I do my part to try and make the world a better place, doesn't mean that i am not allowed to have enjoyment or complain. 

Would it be okay if the person who missed their flight was a child volunteering to dig ditches in Costco rica. Does that make the complaint more valid? Perhaps the family doesn't ever go on vacation, and this is their one time? I think making comparisons based on how horrid the world could be doesn't do anyone any favours.


----------



## james4beach (Nov 15, 2012)

m3s said:


> I think this might be a case of "be careful what you wish for"
> 
> What could the alternative look like? Increased ticket prices due to empty seats and/or less tolerance on missed flights policies
> 
> Currently people who get "lost" in the terminal or arrive late get "re-accomodated" on the next flight. Free of cost. People miss their flight or connection everyday for an endless number of reasons. Rather than have the CSR try to determine what is an acceptable reason, the current policy is just to issue a new ticket immediately. Chances are, someone will miss that flight anyways and there will be an available seat..
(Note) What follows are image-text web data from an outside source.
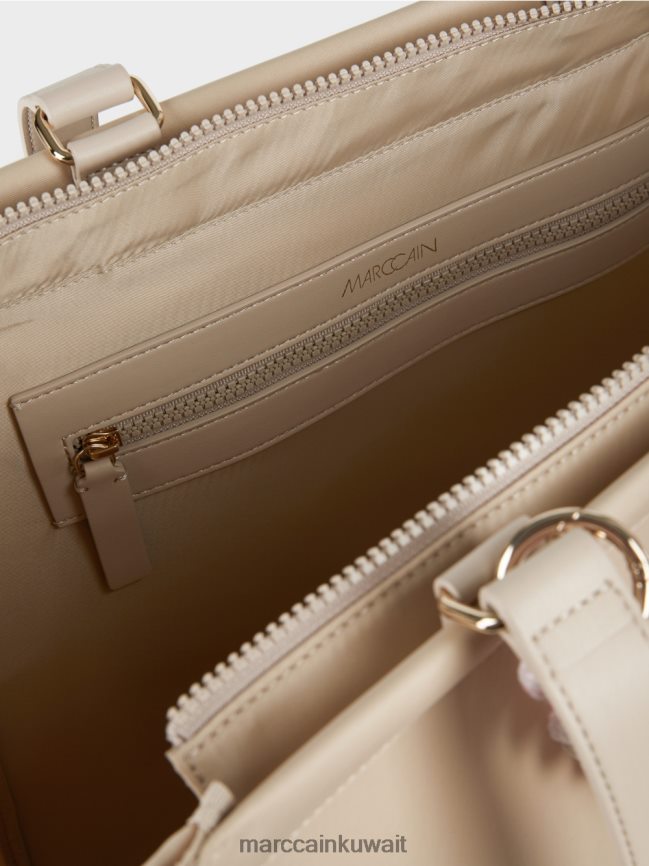 Marc Cain حقيبة بمقبض كروشيه 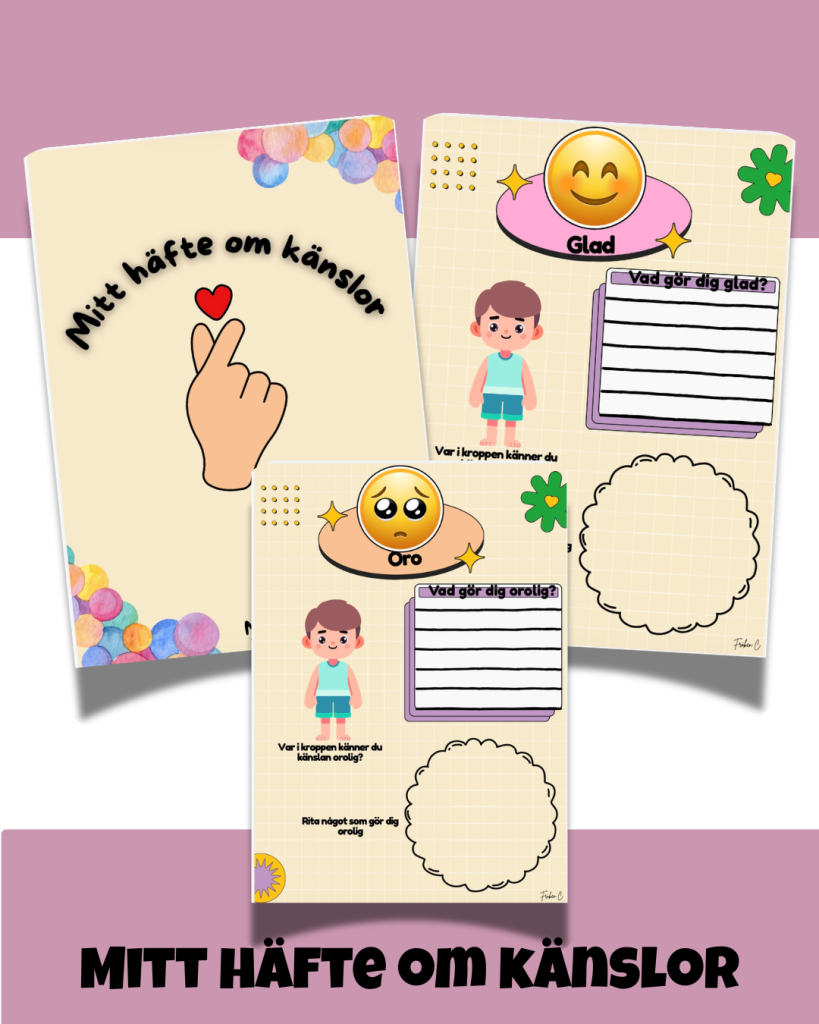 Mitt häfte om känslor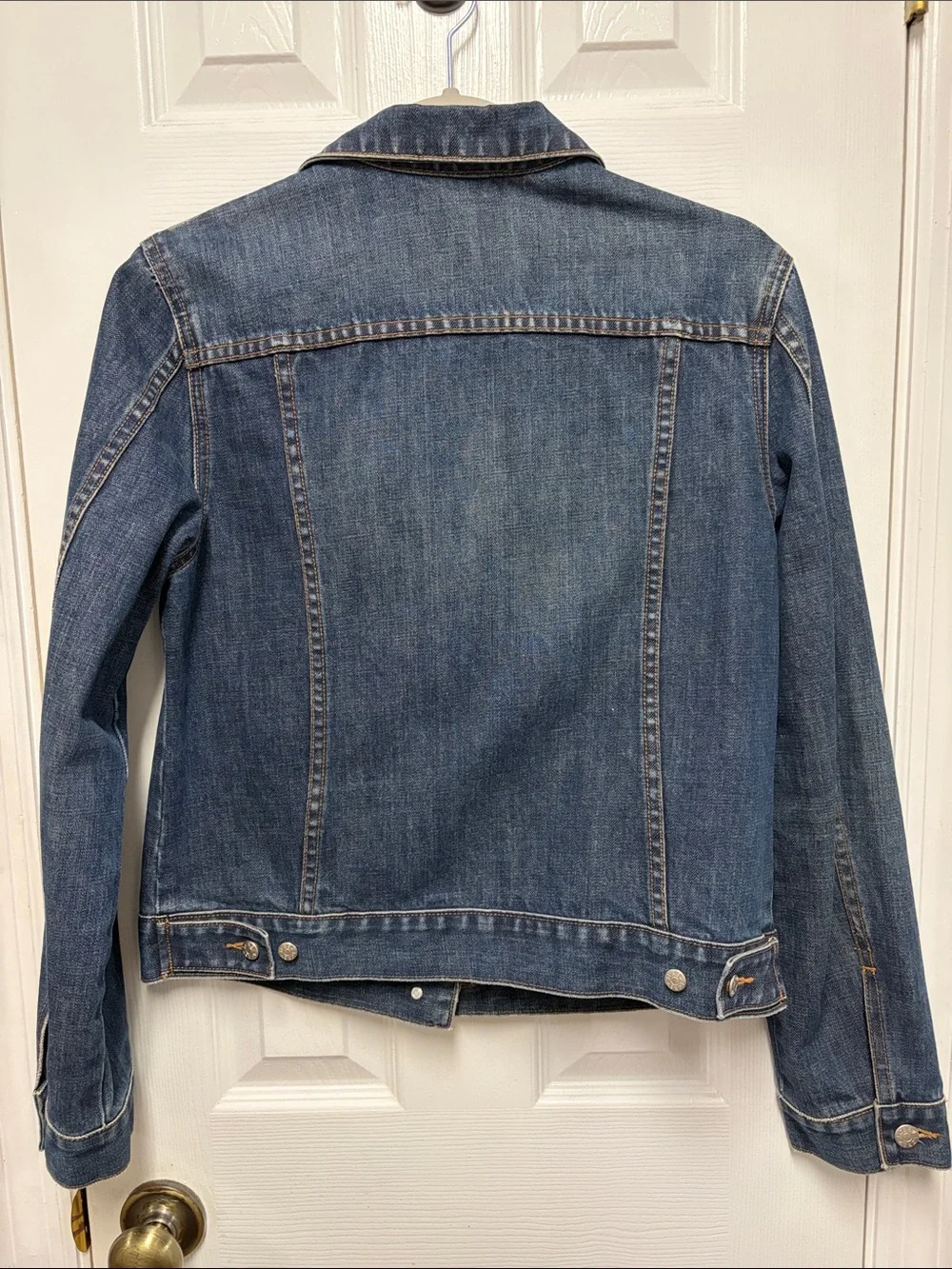 J. Crew Blue Denim Trucker Jacket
Very good points. Maybe the problem isn't over-booking but implementation method. For example, how about some rules such as:

1. Don't bump a person if there are family members travelling with them
2. Must first offer a *cash* incentive to volunteers willing to abandon the flight
3. Don't bump a person who has already been bumped in the last 5 years

Could the over booking system be made into something more fair?

#1 is because coordinating multiple people is more difficult, and a big inconvenience
#2 because cash is much more attractive than vouchers that only cover base fare and have blackout periods
#3 is to keep it fair and minimize the inconvenience


----------



## jargey3000 (Jan 25, 2011)

Can't they give some weight to WHEN the ticket was bought? Someone buying 6 months out should get a bit more priority than someone buying a week before a flight? That make too much sense? at least it would eliminate some of the lottery effect.


----------



## m3s (Apr 3, 2010)

OnlyMyOpinion said:


> In the context of this issue, that comment is irrelevant. I could as easily ask why you have access to a computer to post here and presumably pay a monthly fee for internet connection when that money could feed starving children in Africa.
> Have you never paid for a service only to find it would not be provided? Did you just shrug and go home without comment or compensation?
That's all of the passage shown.